If you’re a note taker taker. It’s okay to get ahead of a person, but not okay to get ahead of God. What Ruth does is presumptuous, it’s dangerous. She certainly gets ahead of Boaz. But she’s able to do this because she hasn’t gotten ahead of God. This is a God ordained thing. And so we have to ask ourselves, in this time of discernment of this scary and exciting time to be the church, are we willing to take risks? And for some of us, we may be like, “It’s not my thing. I’m not. I’m not I’m not a risk taker.” For others, we may be overly anxious, overly eager to take these risks. And so the follow up question is, are we willing to discern as well? Not everything that we want to do that’s edgy is prophetic. Because prophecy comes from God. And everything that we want to do this progressive is prophetic. It must come from God first for it to be so.
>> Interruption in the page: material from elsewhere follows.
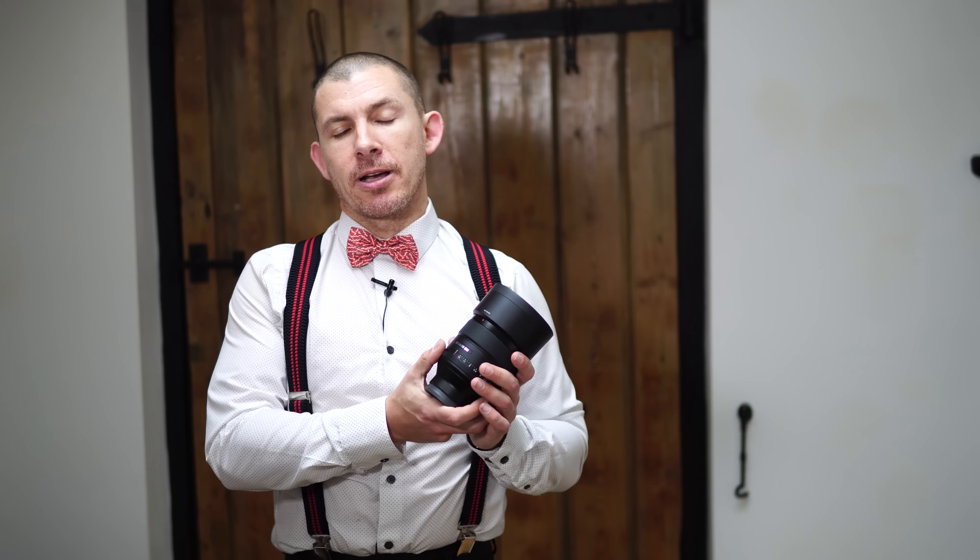In short, this is a great lens. I've used it pretty much with the automatic aperture so I can control it on the body, but you do have a little ring here you can rotate. You can turn the clicks on or off depending on how you want to use it, but I tend to stick it in automatic and control it via the body because that's the easiest way for me to do it.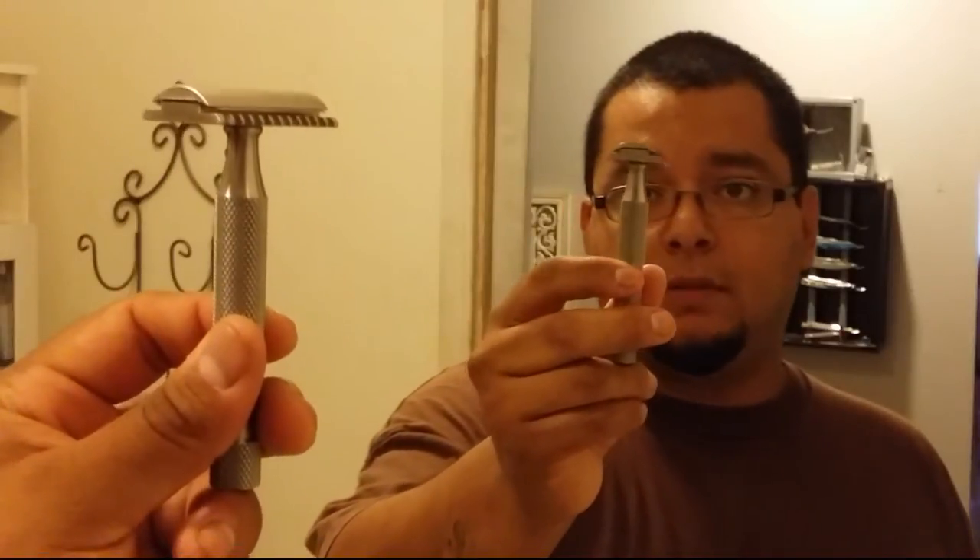Today I'm going to be using the Above the Tie H2. This is supposed to be the more aggressive version of the Above the Tie razors — there's a big blade gap. I already have it loaded with a Persona Lab Blue, which of course have been my favorite blades. The Persona Reds are really making a move though, I really like those. This is the open comb version, and I was also sent the R-plate, which is the standard safety bar razor. Thank you Alvin Burgess for sending this to me.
It’s one thing if we’re at a Ad Council meeting, or we’re having a debate among the pastors and one of us wants to get ahead of the other person. But if we get ahead of God, our plans won’t succeed. And so this Pentecost I’m asking are we able to be still in wait enough to know what God is calling us to do. To not arouse or awaken love until it’s time. But friends once it’s time, right, once it’s time are we ready to have a Pentecostal boldness? Are we ready to do audacious things like speak in tongues? Are we ready to believe in fire and to live our faith as people of the flame? Are you ready? God I hope so. Excited to see what God does in tempering us and equipping and nudging us towards boldness.
Will you pray with me? Gracious and loving God, we thank you for this opportunity to look deeper into your Word, look deeper into ourselves, and hopefully look deeper into your face. God we are grateful for our spiritual ancestors. We thank you for the Moabites we thank you for the Israelites, we thank you for root. For David, for Jesus, we thank you for those who have come before us. We thank you for giving us this opportunity in many locations to have our hearts turn towards you. Not just as individuals, but as a collective. we pray humbly and boldly, Lord, that you would help us in our discernment both as individual followers, as families of followers, and as a church congregational ecclesia family to know what it is you’re calling us to do. Not just to debate what it is, but once we are of one mind to go forth living out that call you have given us. God, put a fire within us under us, behind us, before us that we might go and do great things. remembering that when Jesus spoke of Pentecost he said that the disciples would do even greater things…may we believe it and may we live as if we do. We pray these things in the name of Jesus, the Christ, the son and our savior, Amen.